> _Work instructions_:
Return each line of the listing exactly, though without its images.
[[ Data section open ]]
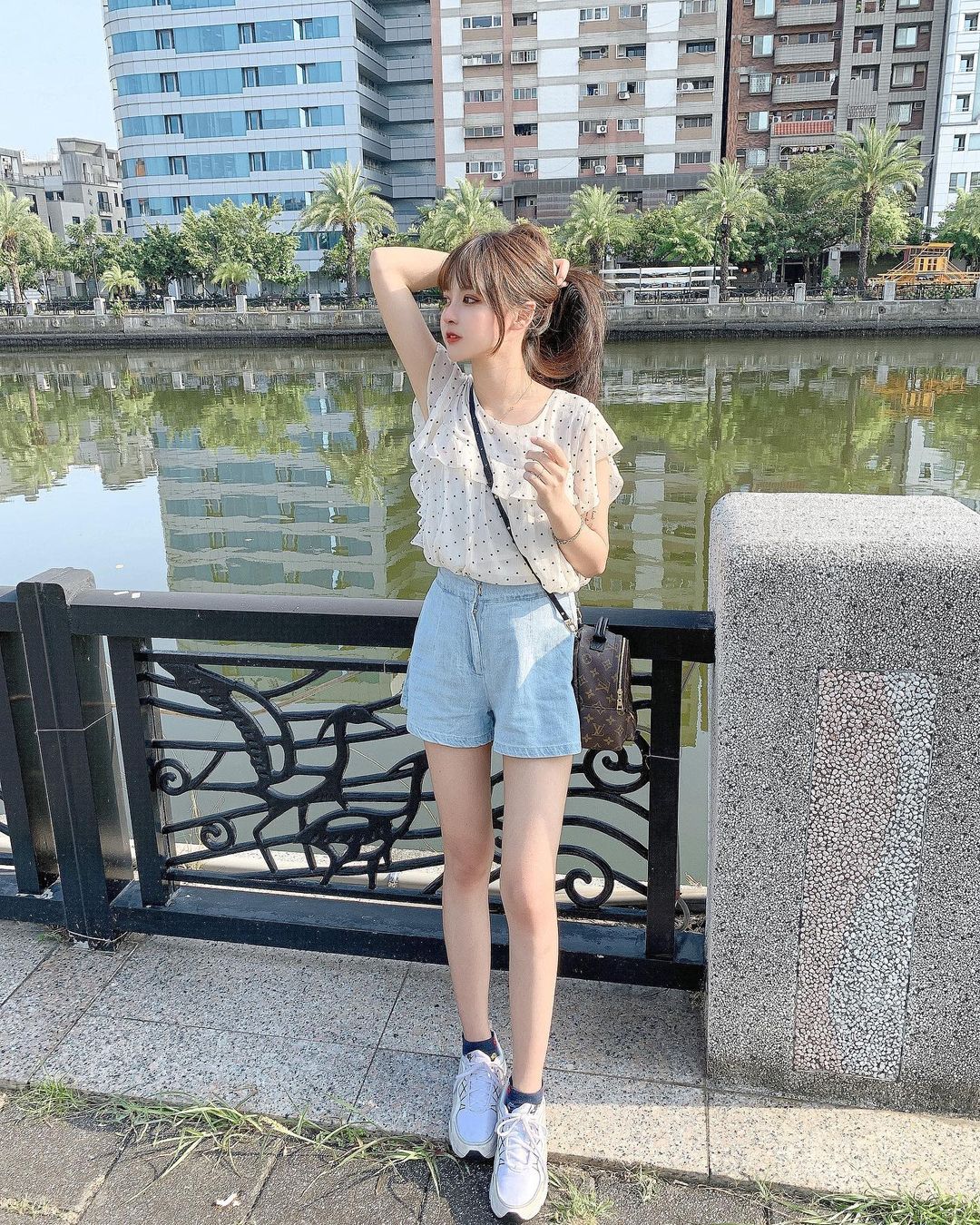 五官深邃的正妹 U 穿比基尼露出白皙的豐滿曲線辣暈路人 - 美女圖 -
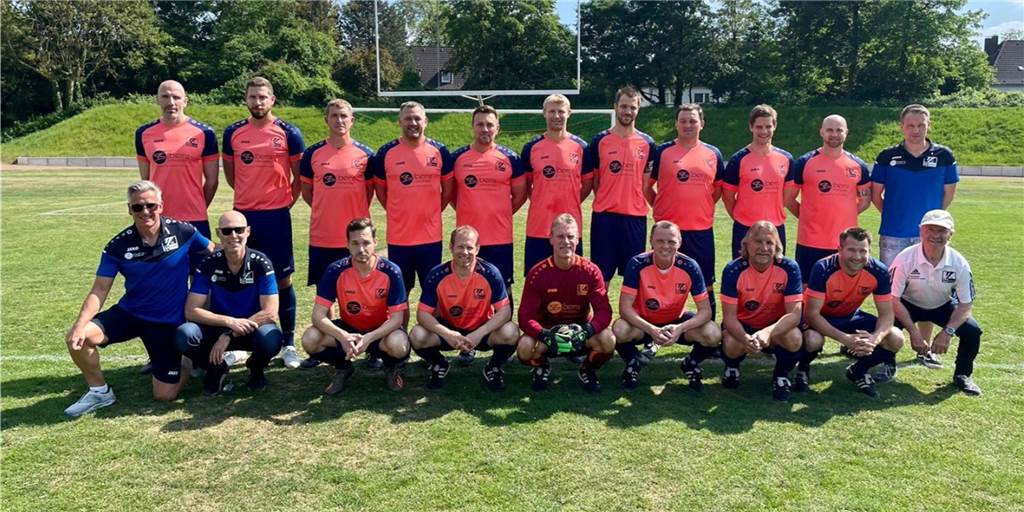 Nach dem Tripple noch nicht satt - der VfB Kirchhellen will mehr Die Alten Herren des VfB Kirchhellen wurden durch einen 4:1-Sieg über F.S.M. Gladbeck Kreismeister.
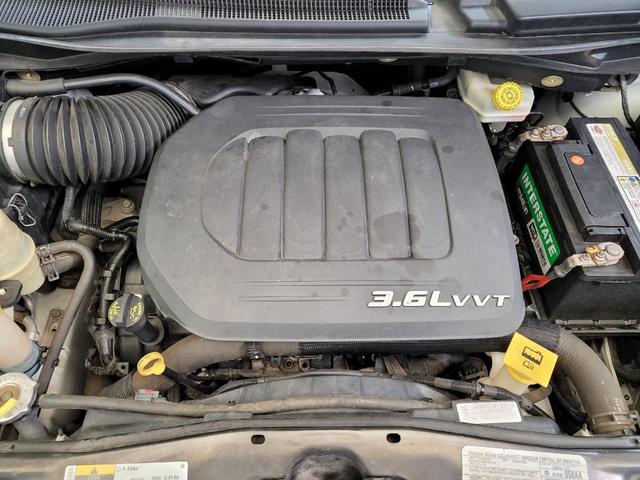 Photo of 2014 Bright White Clearcoat Dodge Grand Caravan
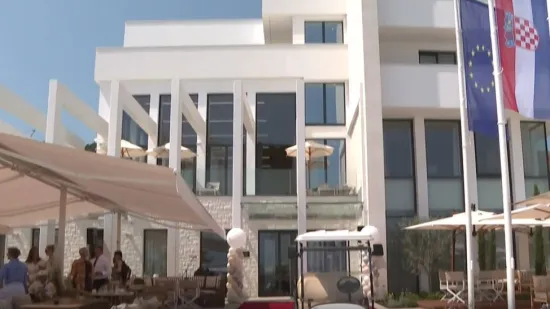 Veliko ime u malom mjestu: Pogledajte spektakularne snimke novog Hiltonovog hotela kraj Zadra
[[ Data section closed ]]
> _Answer for this exercise_:
 五官深邃的正妹 U 穿比基尼露出白皙的豐滿曲線辣暈路人 - 美女圖 -
 Nach dem Tripple noch nicht satt - der VfB Kirchhellen will mehr Die Alten Herren des VfB Kirchhellen wurden durch einen 4:1-Sieg über F.S.M. Gladbeck Kreismeister.
 Photo of 2014 Bright White Clearcoat Dodge Grand Caravan
 Veliko ime u malom mjestu: Pogledajte spektakularne snimke novog Hiltonovog hotela kraj Zadra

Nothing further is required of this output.